Exercise: Return the stretch from the line with "a living room" through the line with "traditional-style home with" in the data below, character for character, skipping all pictures.

Supplied information:
......

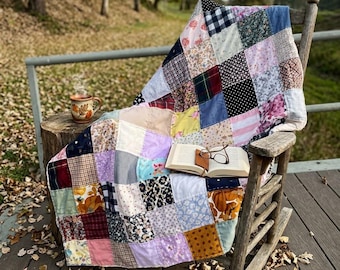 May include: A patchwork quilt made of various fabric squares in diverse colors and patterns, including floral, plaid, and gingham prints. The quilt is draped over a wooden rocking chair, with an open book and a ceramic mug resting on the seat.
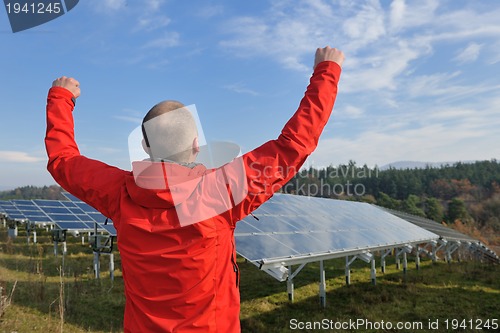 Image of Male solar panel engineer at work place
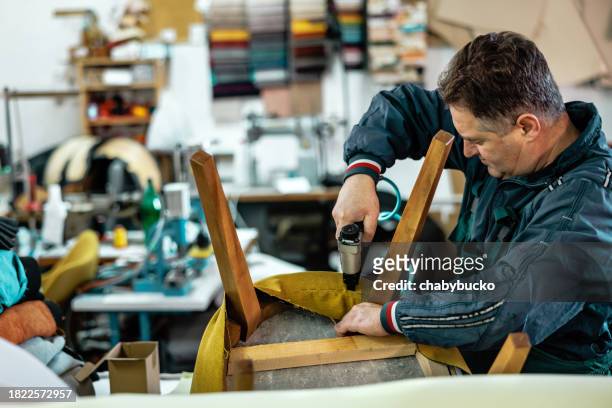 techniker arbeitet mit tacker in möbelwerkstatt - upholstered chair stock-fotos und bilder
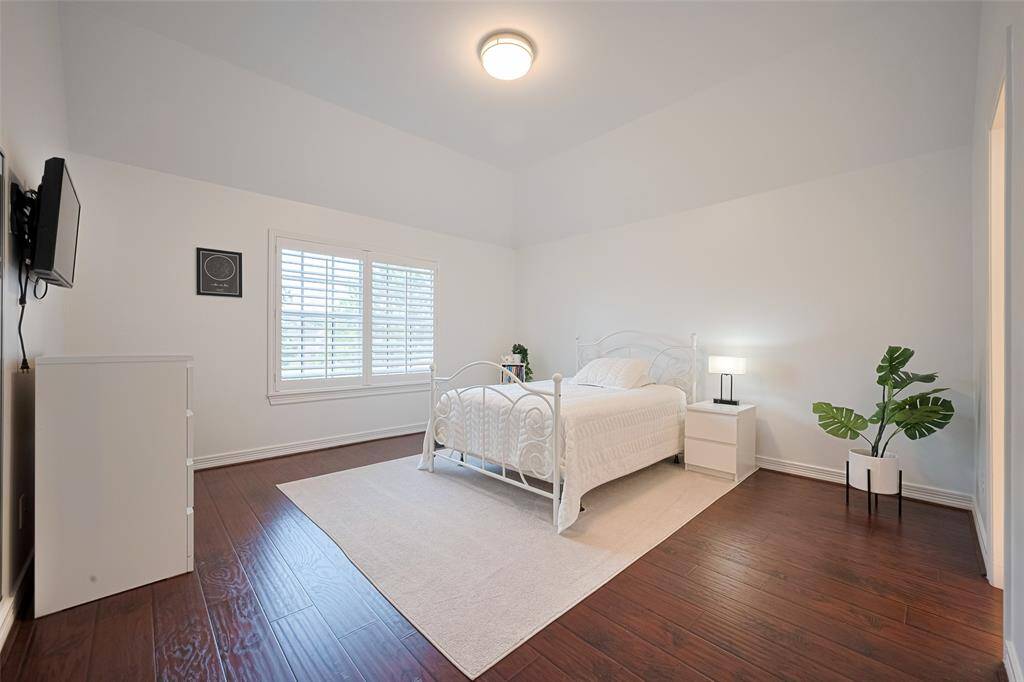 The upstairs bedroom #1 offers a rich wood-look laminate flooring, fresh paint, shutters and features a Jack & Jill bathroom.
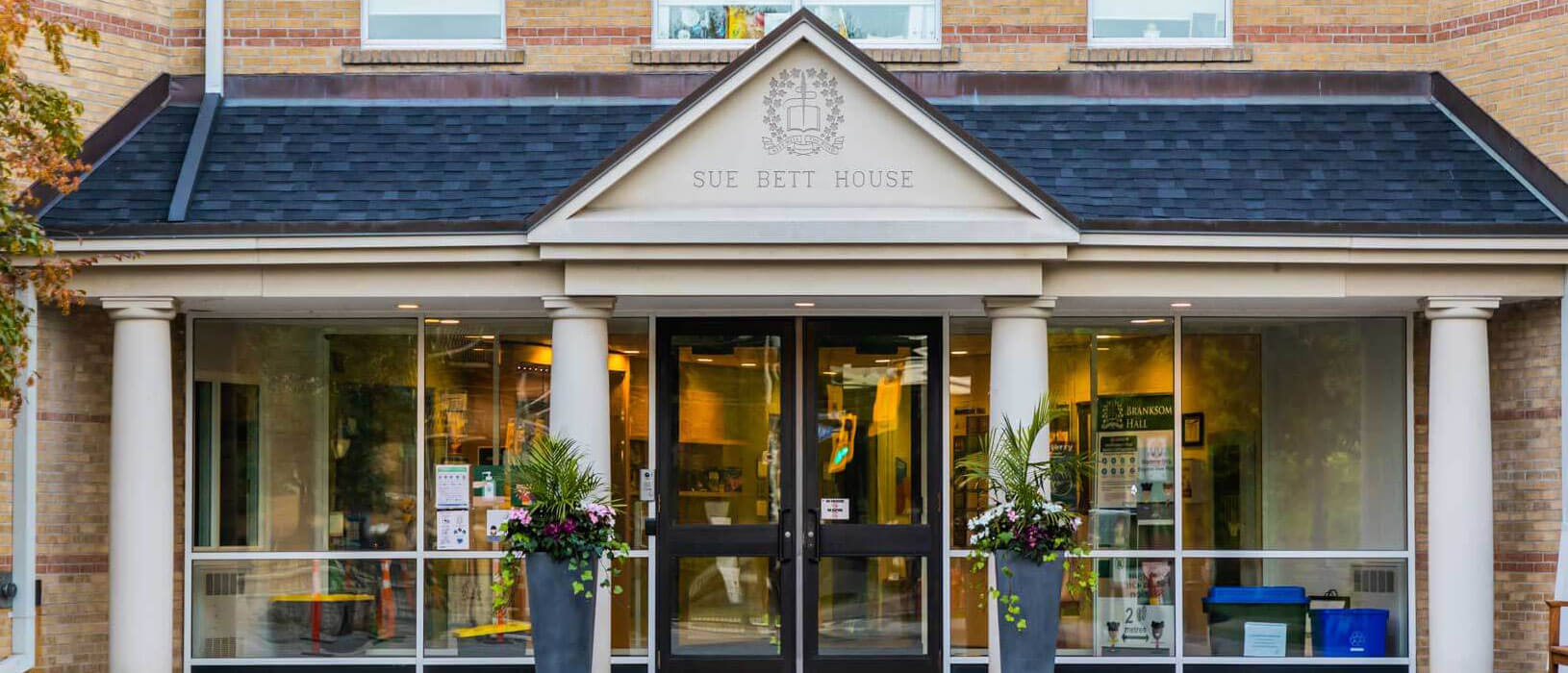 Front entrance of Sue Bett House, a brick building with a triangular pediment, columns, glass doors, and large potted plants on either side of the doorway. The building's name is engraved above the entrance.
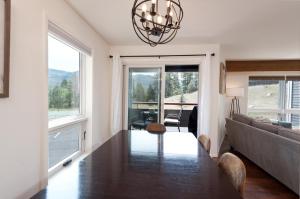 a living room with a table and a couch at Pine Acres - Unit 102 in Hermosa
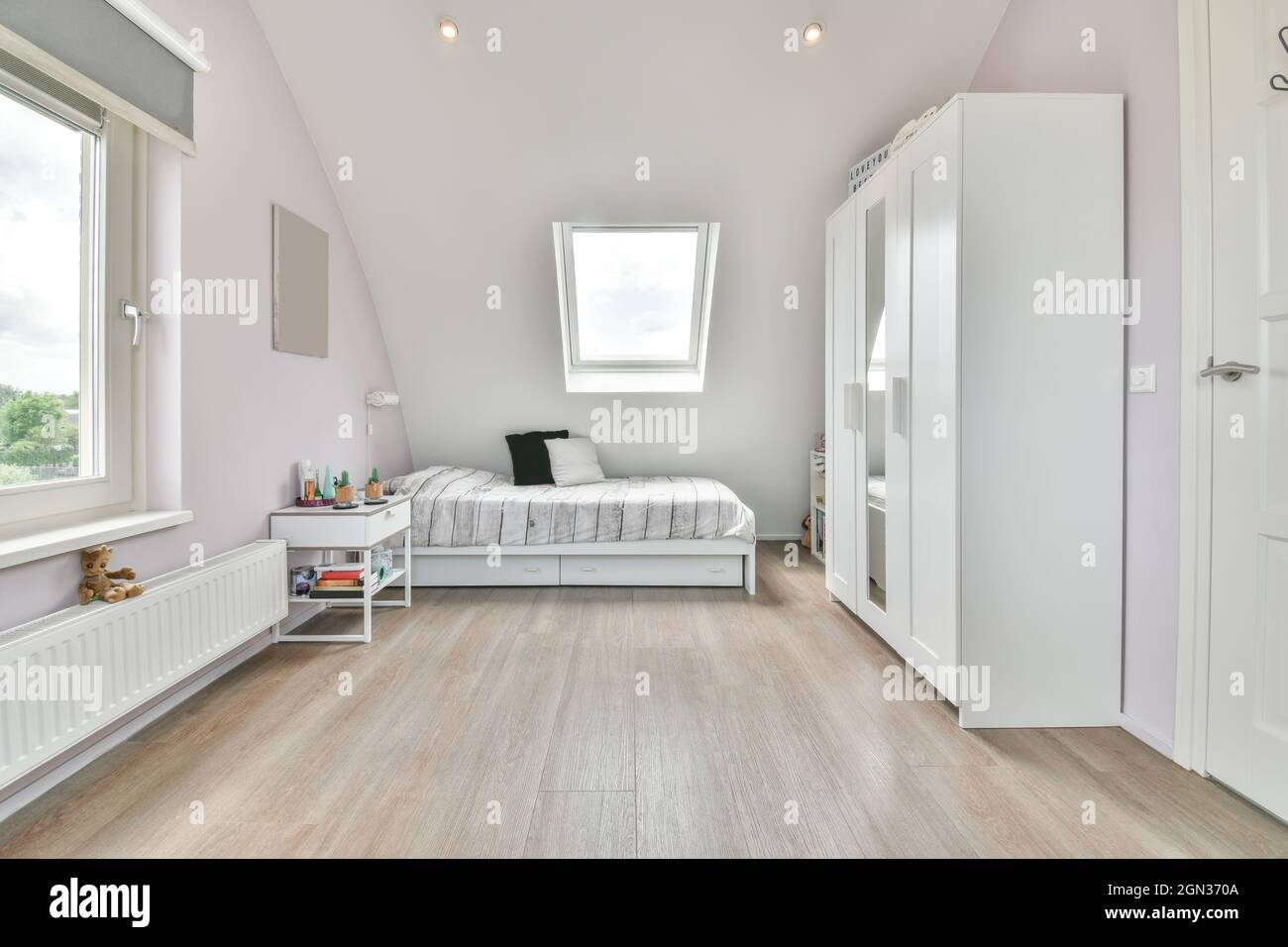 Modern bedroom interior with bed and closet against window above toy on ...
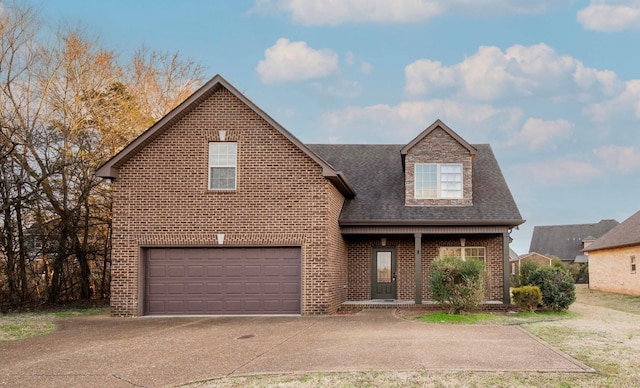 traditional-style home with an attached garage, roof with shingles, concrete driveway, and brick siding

......

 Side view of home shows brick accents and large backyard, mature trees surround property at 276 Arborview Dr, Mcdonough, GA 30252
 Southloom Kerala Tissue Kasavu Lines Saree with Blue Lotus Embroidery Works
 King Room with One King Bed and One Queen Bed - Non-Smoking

......

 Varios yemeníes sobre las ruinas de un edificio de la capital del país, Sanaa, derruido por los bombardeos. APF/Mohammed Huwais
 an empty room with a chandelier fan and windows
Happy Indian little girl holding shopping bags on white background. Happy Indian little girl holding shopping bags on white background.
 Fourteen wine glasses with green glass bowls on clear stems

......

Exercise solution:
 a living room with a table and a couch at Pine Acres - Unit 102 in Hermosa
 Modern bedroom interior with bed and closet against window above toy on ...
 traditional-style home with an attached garage, roof with shingles, concrete driveway, and brick siding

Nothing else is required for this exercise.